First I must say, there is no question I have been treated differently than a man because I am a woman.  And I like that.  I like chivalry.  I honestly think it makes the world a better place.  Of course I can open my own door and bring my own jacket and wait my turn in line.  I think these small acts of respect shown to women helps put the world in its proper place.  Because at the end of the day, the bottom line is: men and women are not the same.  And if for no other reason than because women bare children, I believe they should receive an extra bit of respect.

But back to the discrimination.  Within my career, a career that is predominately women, I have been discriminated against because I am a woman.  Although I was a better candidate, I was not hired for a position because I was not male.  I have not been able to climb up the leadership ladder where all my male counterparts have.  The list goes on.  There is no question I have been treated differently because I am a female.

And although it has been extremely frustrating, here is the statement that I feel the need to say, I don't know if me being discriminated against was necessarily a bad thing.

Now I fully recognize a "true" feminist would say I have been brainwashed by my culture.  I am a beaten puppy that has accepted my role as the subservient sex.  And I guess there isn't much I can say in defense against that other than I recognize that this is a possibility.

But on the other hand, maybe the fact is: men and women are created differently and play separate and important roles in society because of their differences.  

In other words, maybe I have been discriminated against for good reason.  Not just because I am a woman, but maybe because I am a woman that acts like a woman.  And sometimes a man that acts like a man can do a job better than a woman that acts like a woman.
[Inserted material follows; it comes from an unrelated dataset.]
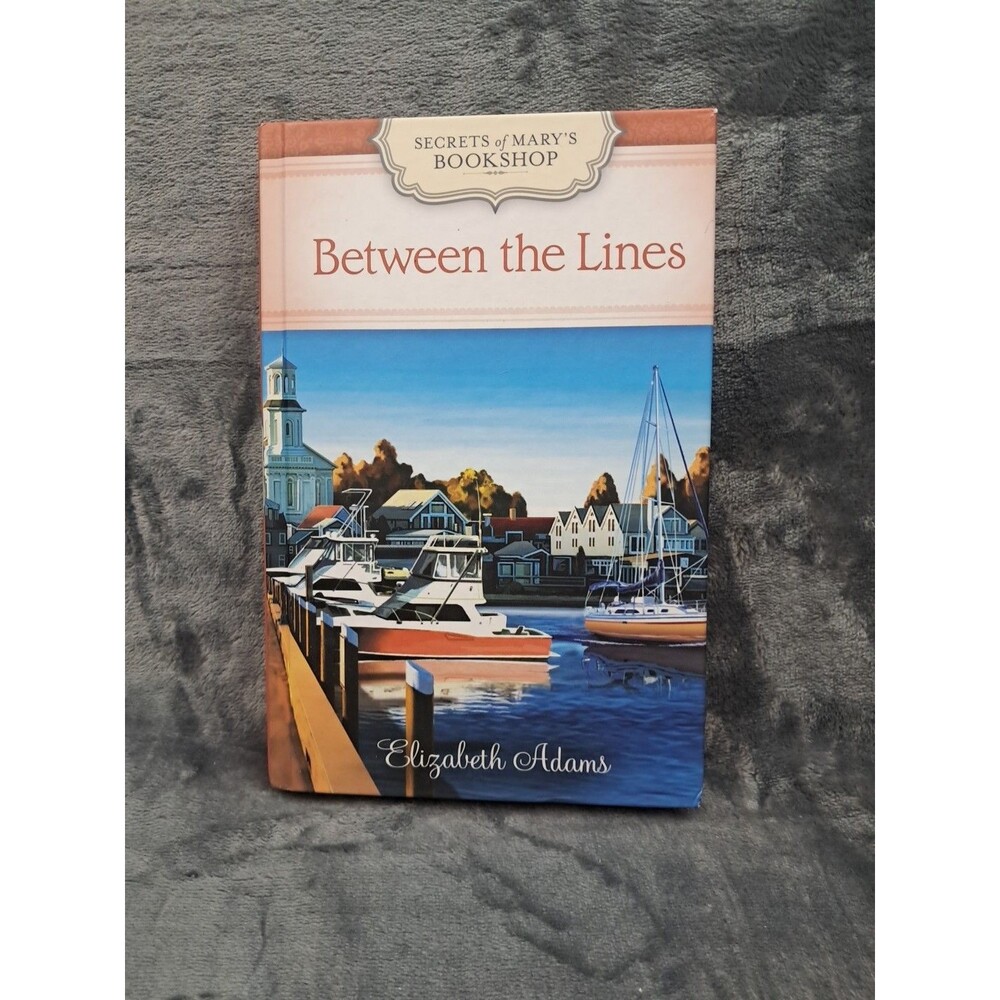 Between the LInes     Secrets of Mary's bookshop    Elizabeth Adams  HC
I don't know.  I wrestle with these ideas all the time.  What is nature?  What is nurture? Is it true that women and men inherently are different?  I know it's kind of a chicken and an egg question.  But I'll tell you what has been very interesting to watch.  My 1 year old boy.  He has had stuffed dolls in his toy box for months.  He rarely plays with them.  On the other hand, we noticed him making cool motor noises as he played with toy cars at grandmas' houses.  So for his birthday we got him a toy monster truck.  Now that he has a truck it is the only toy he plays with.  This was not a learned behavior.  If anything he should be playing more with dolls because he plays with 2 girls everyday who loves their dolls.... but no he loves his truck.  Brad has not been taught to like a truck more than a doll.  We didn't encourage him to play with the truck more than the dolls.  But now he only plays with his truck.  Which is evidence to me that there is an inherent difference between males and females.  I had heard this over and over again from other moms.  This difference between boys and girls.  But it has been so interesting to watch it first hand with my son.

So where do I stand as far as feminism goes?  I believe everyone should have equal rights in this world.  Everyone should have the right to do whatever they can and want as long as it doesn't infringe on the rights of others.  But the bottom line is: men and women are different.  And I believe the differences between them makes the world a more balanced place.  Trying to ignore or erase those differences, trying to treat everyone exactly the same, hurts people in the end.  So any artificial rule or law to try and make things 50/50 or "equal" is ridiculous.  The idea that all positions in a company or in a political body should have equal parts male and females will only hurt society.

So what do I believe in?  What would I march for?  A world where everyone, no matter what they look like, can become and be whatever they'd like to be.  A world that looks at skills and talents and chooses the best.

Do I believe the women who marched around last weekend were marching for that?  I have no idea.  And honestly, I don't know if they knew either.


1 comment:

Aaron and Camile said...

I get stuck on the feminism thing too. I liked reading your thoughts.